### The input
----

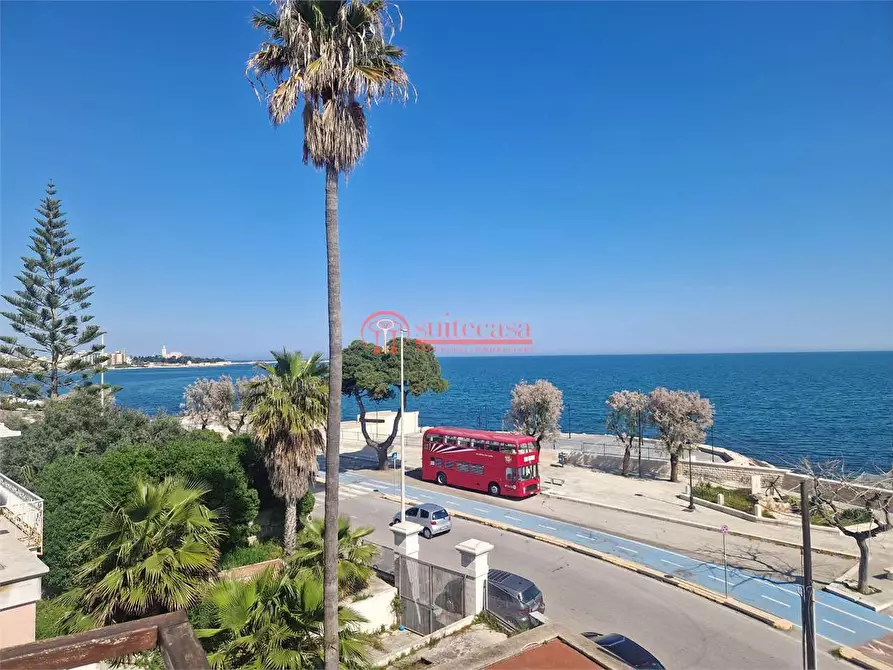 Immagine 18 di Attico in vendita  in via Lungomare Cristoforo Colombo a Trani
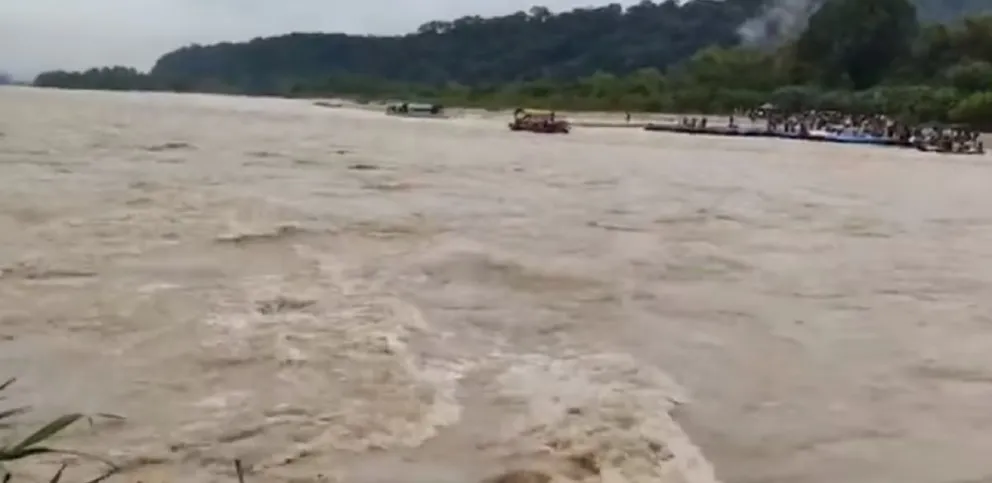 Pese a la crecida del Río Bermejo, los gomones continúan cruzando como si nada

----

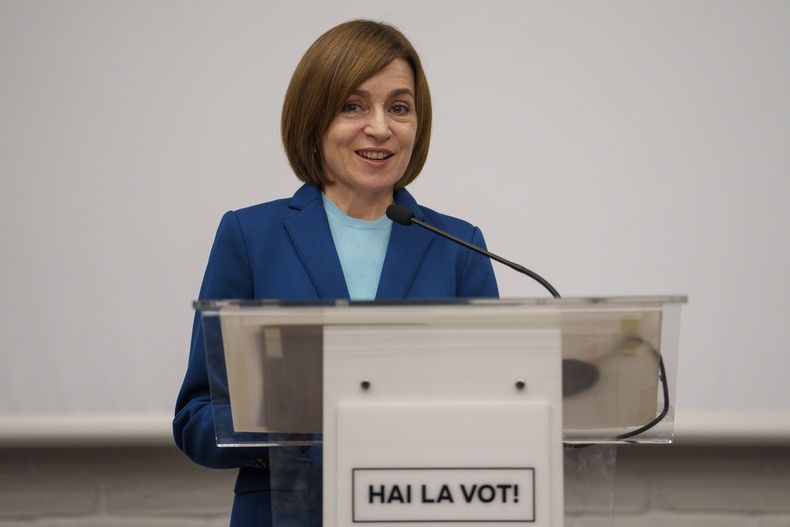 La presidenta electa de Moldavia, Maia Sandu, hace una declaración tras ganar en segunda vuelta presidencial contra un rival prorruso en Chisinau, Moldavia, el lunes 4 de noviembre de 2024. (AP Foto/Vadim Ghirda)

----

The material above holds pictures; leave them out. Repeat exactly the lines from the one containing "Immagine 18 di" through the one containing "Pese a la crecida", and nothing else.

### Solution for this problem
 Immagine 18 di Attico in vendita  in via Lungomare Cristoforo Colombo a Trani
 Pese a la crecida del Río Bermejo, los gomones continúan cruzando como si nada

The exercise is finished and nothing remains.